Bateman’s in East Sussex, now owned and managed by the National Trust, is renowned as the much beloved home of Rudyard Kipling. Looking for a secluded family home far from the glare of the public and the media, Kipling purchased Bateman’s in 1902, a 17th century house with walled gardens and surrounded by the wooded landscape of the Sussex Weald.
In 1907, Kipling became the youngest recipient of the Nobel Prize for Literature and he used to prize money (apparently about £7,000 at the time) to have the gardens professionally landscaped.
What is immediately striking about the gardens at Bateman’s is the strong presence of English heritage trees and plants, including lots of Yew trees, yew hedging and bay trees. The beautiful rich dark green of the yew contrasts beautifully with lighter green of the lawns.
The working orchard is a mixture of ancient mulberry, apple and pear trees. Along the lovely brick walls are topiary bay trees in the unusual but charming shape of a heart.

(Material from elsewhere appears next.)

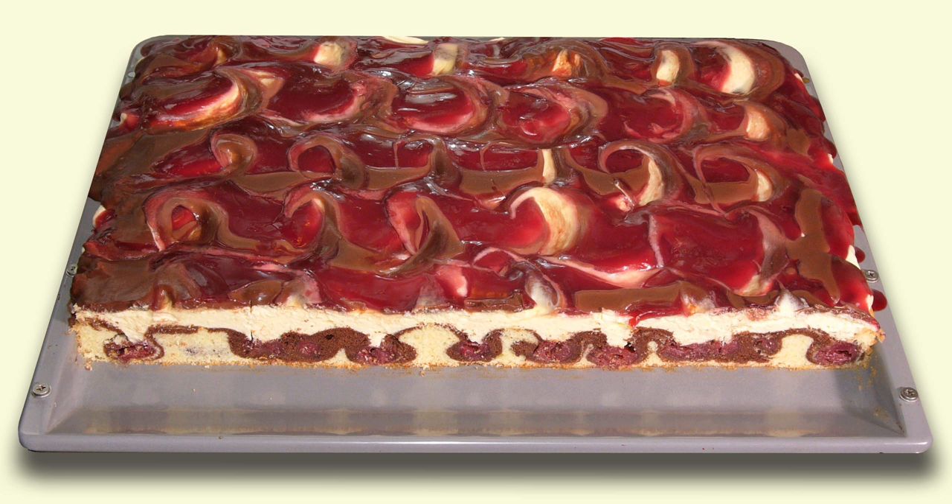During baking, the cherries sink to the bottom of the cake, causing the wavy pattern. After the cake has cooled, it is decorated with a thick layer of buttercream and iced with a chocolate glaze, which may then be ornamented in a wavy manner with a fork.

To embellish the natural beauty of the house, climbing plants gracefully adorn the exterior walls. A Wisteria Sinensis climbs along one sunny wall and a Hydrangea Petiolaris graces a north facing wall. Evergreen Magnolia Grandiflora frames a corner of the main house.
To the rear of the house sits the beautiful formal garden. Geometrically balanced and beautifully understated, this must have been a summer paradise for the Kipling family. It is not a flamboyant garden but rather a functional space. Kipling wanted it to be very much used – for boating in the shallow lake over the long summer months, playing games on the lawn and even performing amateur dramatics with the children.
The beautifully manicured Yew hedging is a strong feature throughout the garden. Being very famous, Kipling was most keen on privacy and his precious yew hedging kept out prying eyes.
Most magnificent are the two geometrically perfect rows of pleached trees. These are in fact pleached lime trees which were planted over 100 years ago.
Behind the formal garden lies the Wild Garden and beyond that again, the watermill, still functioning today. Everywhere you look, you can see rolling hills and woodlands.